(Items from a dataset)
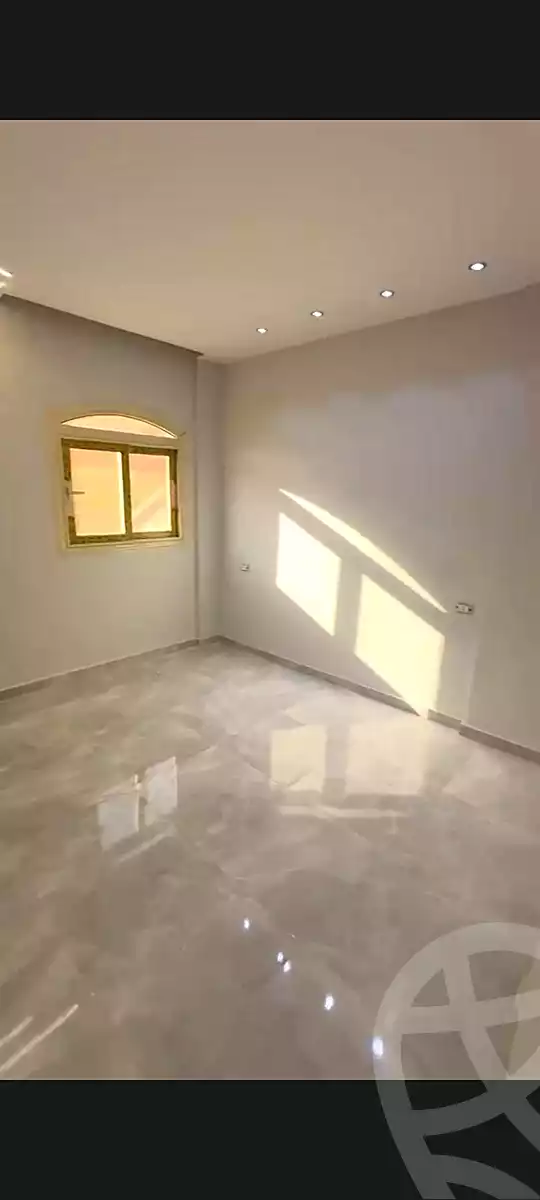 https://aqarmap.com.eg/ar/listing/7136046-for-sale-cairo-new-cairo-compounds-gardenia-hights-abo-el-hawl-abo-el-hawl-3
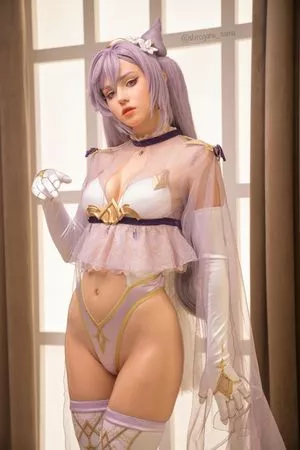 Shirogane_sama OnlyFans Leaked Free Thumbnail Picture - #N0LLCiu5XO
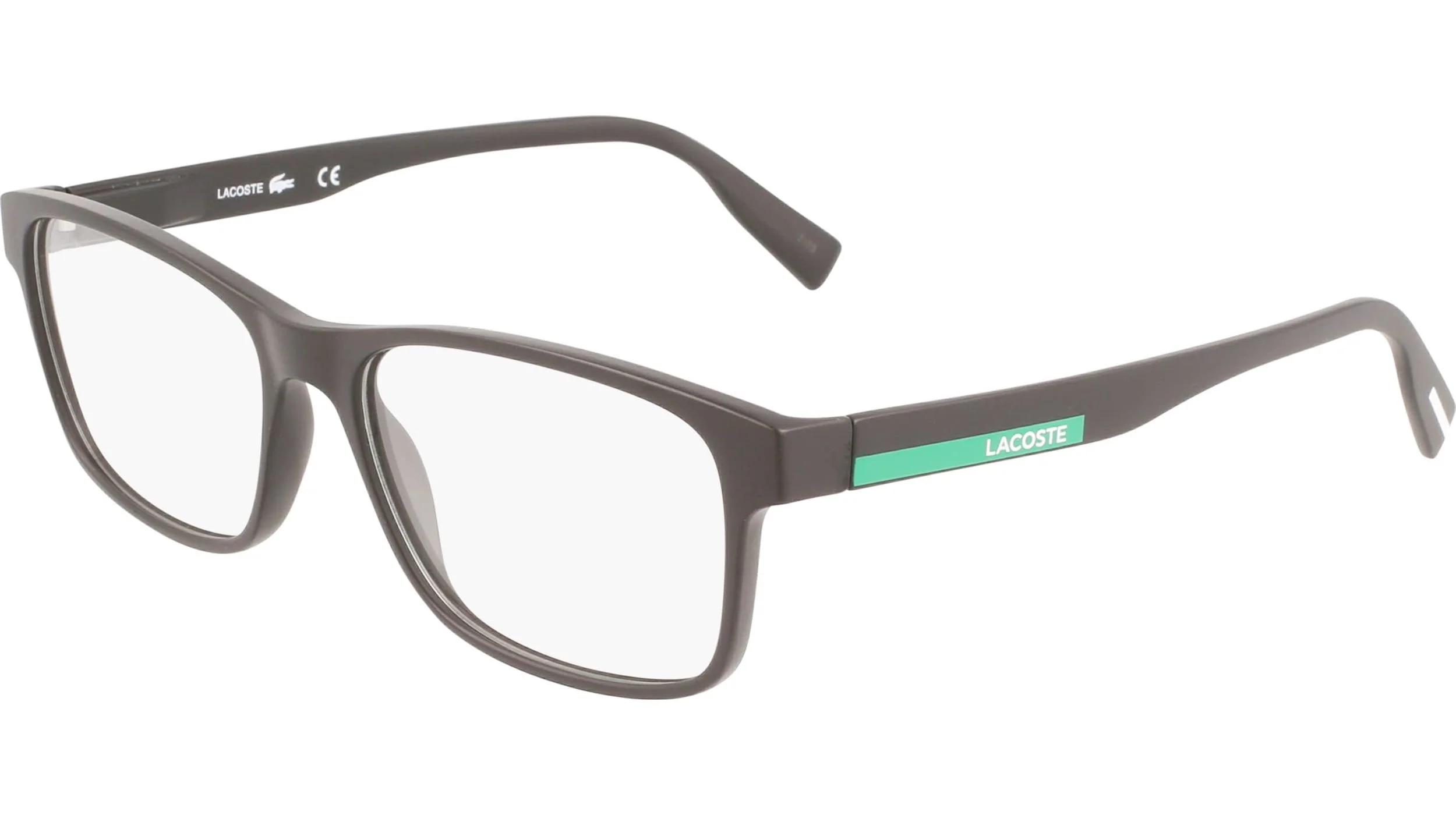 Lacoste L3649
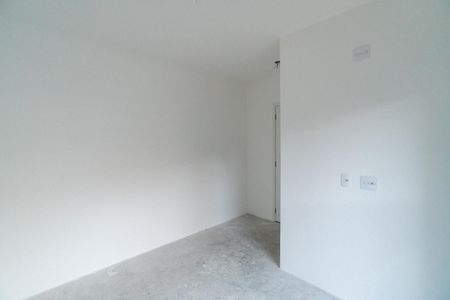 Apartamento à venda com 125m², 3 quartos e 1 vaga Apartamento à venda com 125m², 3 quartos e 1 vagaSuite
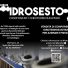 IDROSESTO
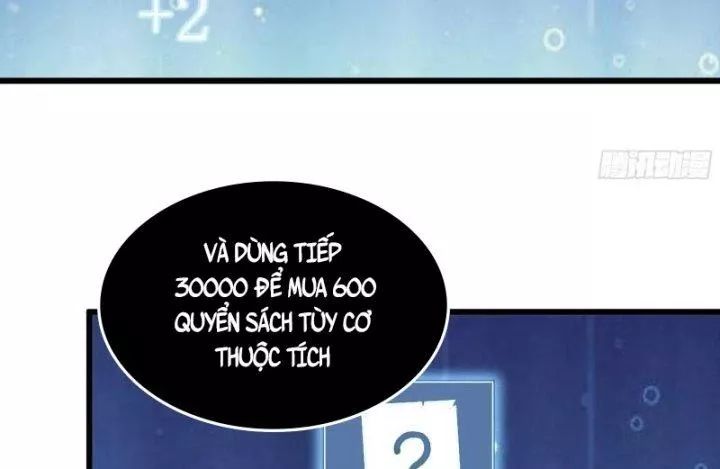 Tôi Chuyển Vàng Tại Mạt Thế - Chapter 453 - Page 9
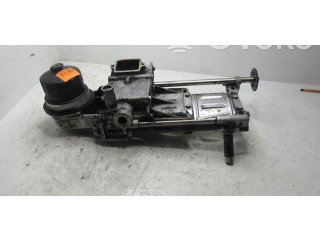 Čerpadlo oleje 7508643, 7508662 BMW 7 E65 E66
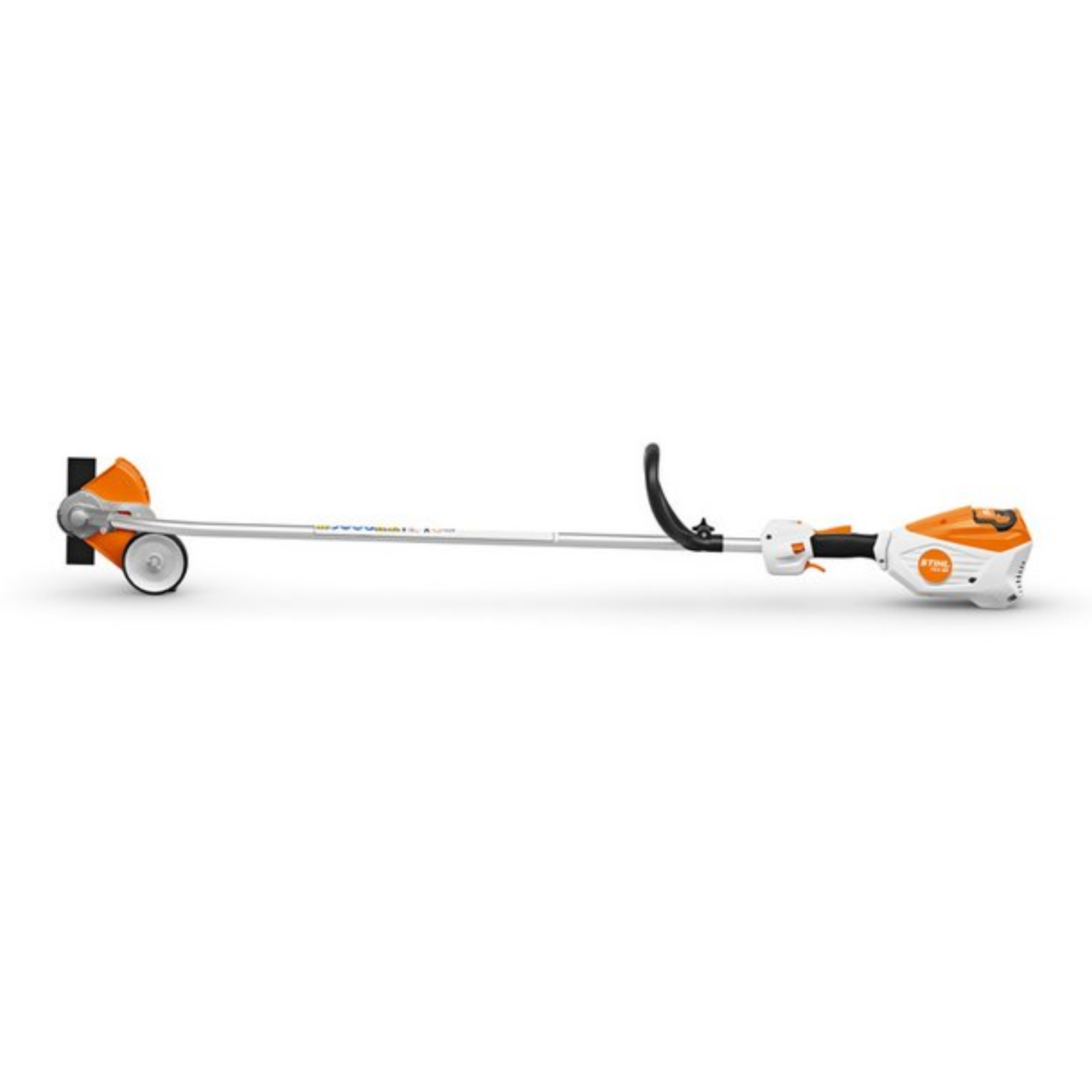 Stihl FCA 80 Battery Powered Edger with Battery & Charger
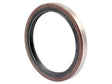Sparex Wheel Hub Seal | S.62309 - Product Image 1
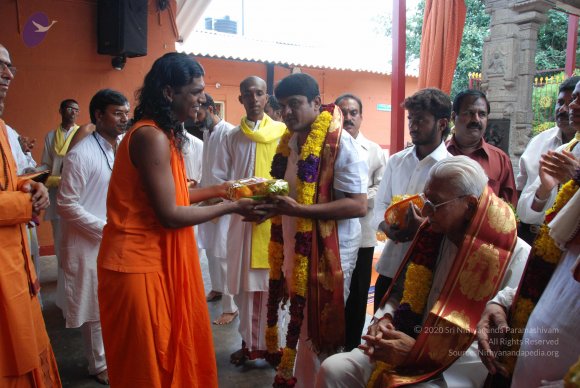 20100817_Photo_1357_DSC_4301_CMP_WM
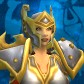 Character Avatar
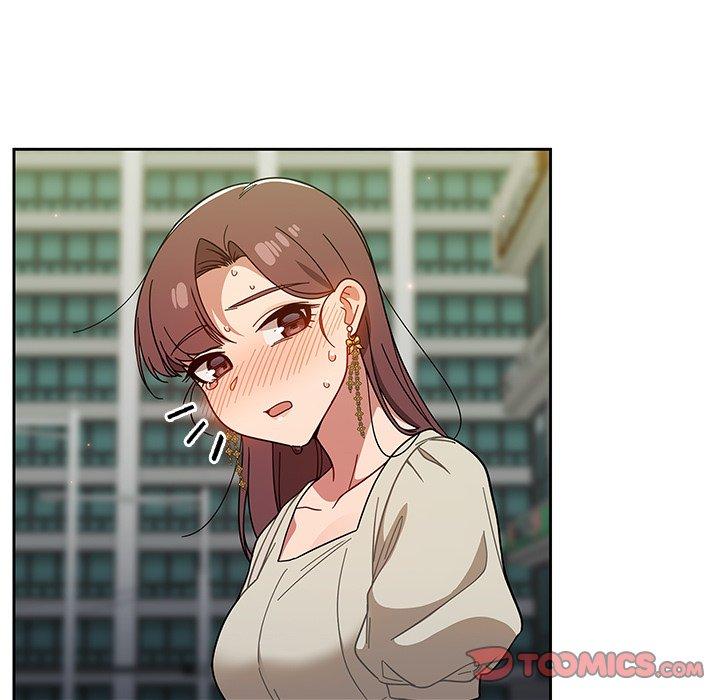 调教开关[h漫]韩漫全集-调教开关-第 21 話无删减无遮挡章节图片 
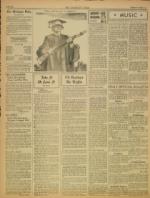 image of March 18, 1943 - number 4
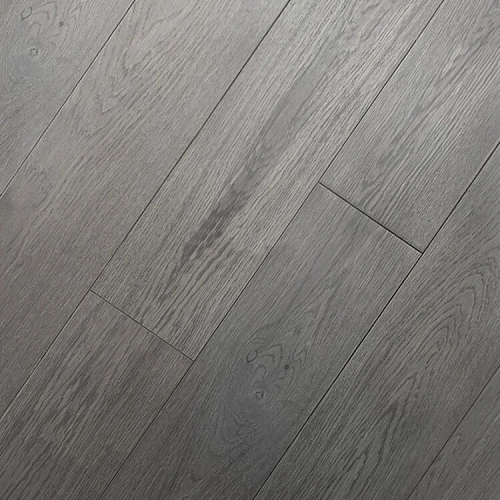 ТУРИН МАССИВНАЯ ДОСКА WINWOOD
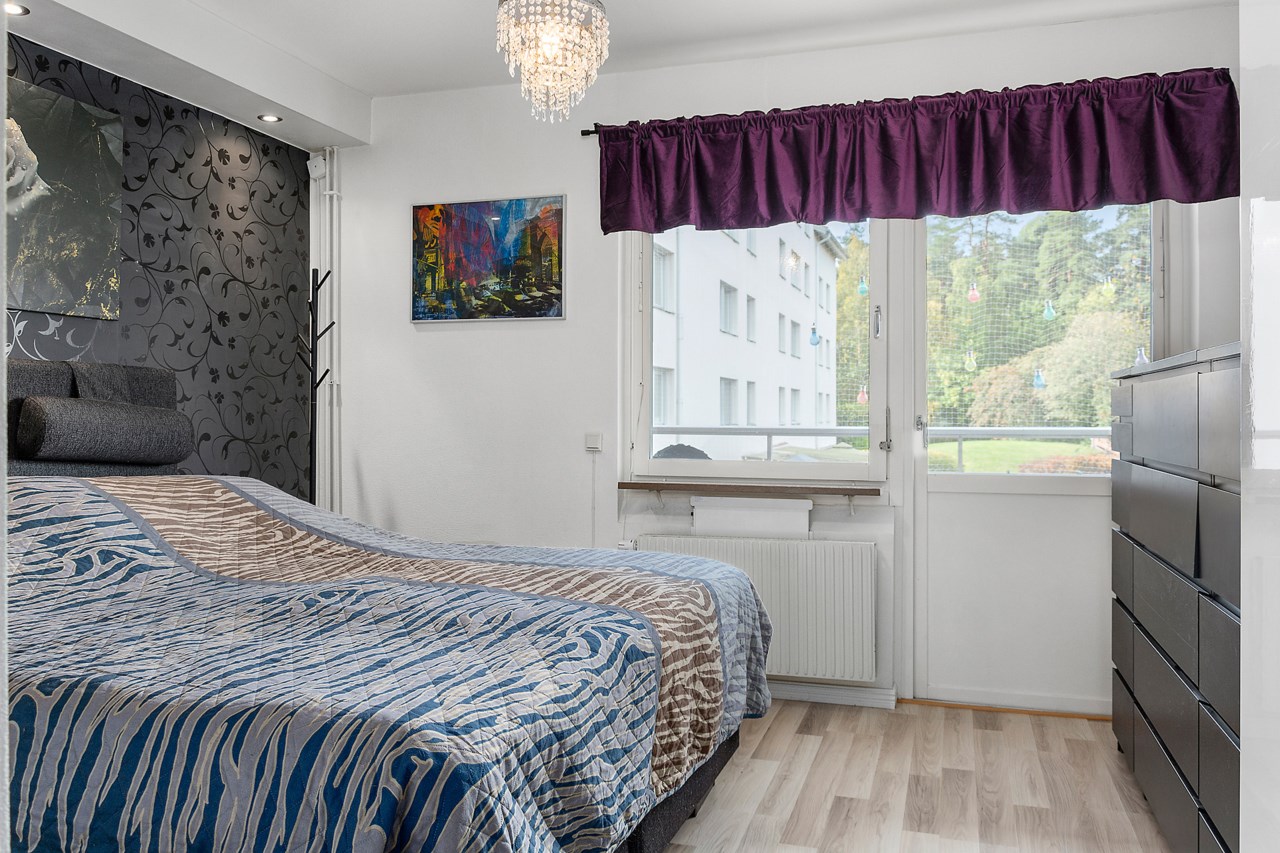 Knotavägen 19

_WORK INSTRUCTIONS_: Write out each entry above once more, exactly as written, and drop the pictures.

_OUTPUT FOR THIS TASK_:
 https://aqarmap.com.eg/ar/listing/7136046-for-sale-cairo-new-cairo-compounds-gardenia-hights-abo-el-hawl-abo-el-hawl-3
 Shirogane_sama OnlyFans Leaked Free Thumbnail Picture - #N0LLCiu5XO
 Lacoste L3649
 Apartamento à venda com 125m², 3 quartos e 1 vaga Apartamento à venda com 125m², 3 quartos e 1 vagaSuite
 IDROSESTO
 Tôi Chuyển Vàng Tại Mạt Thế - Chapter 453 - Page 9
 Čerpadlo oleje 7508643, 7508662 BMW 7 E65 E66
 Stihl FCA 80 Battery Powered Edger with Battery & Charger
Sparex Wheel Hub Seal | S.62309 - Product Image 1
 20100817_Photo_1357_DSC_4301_CMP_WM
 Character Avatar
 调教开关[h漫]韩漫全集-调教开关-第 21 話无删减无遮挡章节图片 
 image of March 18, 1943 - number 4
 ТУРИН МАССИВНАЯ ДОСКА WINWOOD
 Knotavägen 19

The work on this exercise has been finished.